One of the best is this drives is from when App State played Idaho in 2015. 15 plays, 93 yards, with consistent gains. This is good, you would expect to score from this
And what do the worst drives look like?

This is the worst drive according to the model. A 2 play pick 6 by BYU in their 2019 Week 1 matchup against Utah. I am not terribly sure how to feel about the worst drives all looking like this
Good cherrypicks, but how well does it predict drive outcome on the whole?

It generally follows the trend of actual scoring well, but it underpredicts FGs. This seems to even out though considering how small the residuals usually are.
It has the added bonus that it can tell us how good Touchdown drives were. Considering the left-tailed nature of the histogram, it also lets us know that not all TD drives are created equal. It is unlikely, but sometimes bad drives still end up as TDs
So what can it tell us in a given game?

Overall it lets us look at what were the most successful drives were, so we can identify the spikes in play for a team. Additionally It lets us identify drives where teams should have done better or worse (Cuse Drive 5, Pitt Drive 17)
This lines up with what we know about the game too! Syracuse had a couple good early drives, and then were absolutely shut down by the Pitt D, while Pitt was generally more consistent.
Wait, if it lines up with what happens on a drive level during a game, does it predict game-level scoring?
A quick note on this, we won't be looking at points scored, but total points. So if a team scores 7 TDs and throws a Pick 6, they scored 49 points but had 42 total points
Caveats aside, does it line up with Game-Level scoring?

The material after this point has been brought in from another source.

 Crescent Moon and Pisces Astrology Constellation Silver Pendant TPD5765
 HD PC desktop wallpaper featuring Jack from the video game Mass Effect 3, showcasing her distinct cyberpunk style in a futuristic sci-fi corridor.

Yes. It definitely does. It does not line up perfectly, however the distributions look nearly identical, and the residuals are clustered near 0. This is a great sign
If it generally lines up with Game-level scoring, does it line up with Season-Level scoring?

The distribution again lines up, but the residuals are generally higher, being +/- 50 points on the high ends. But they are extremely well correlated, with an r^2 ~.99
It looks up it lines up pretty well, but we should do a sniff test. Who are the best and worst teams in terms of Predicted Drive Points?

This passes the sanity check. Most of the top teams are CFP-level offenses, and most of the bottom teams were teams that won very few games.
It also passes the CFB "duh" test by saying that 2019 LSU was the best team of the CFP era, while 2019 Akron was the worst team of the CFP era.
Thanks for reading! I'm excited to see how this plays out in the season, and hopefully you think it's cool! I'll throw the code up on my github early next week.

Data from @CFB_Data & @cfbscrapR and thank you to @nickwan @statsowar and @PFF_Eric for helping me along the way!
You can follow @ConorMcQ5.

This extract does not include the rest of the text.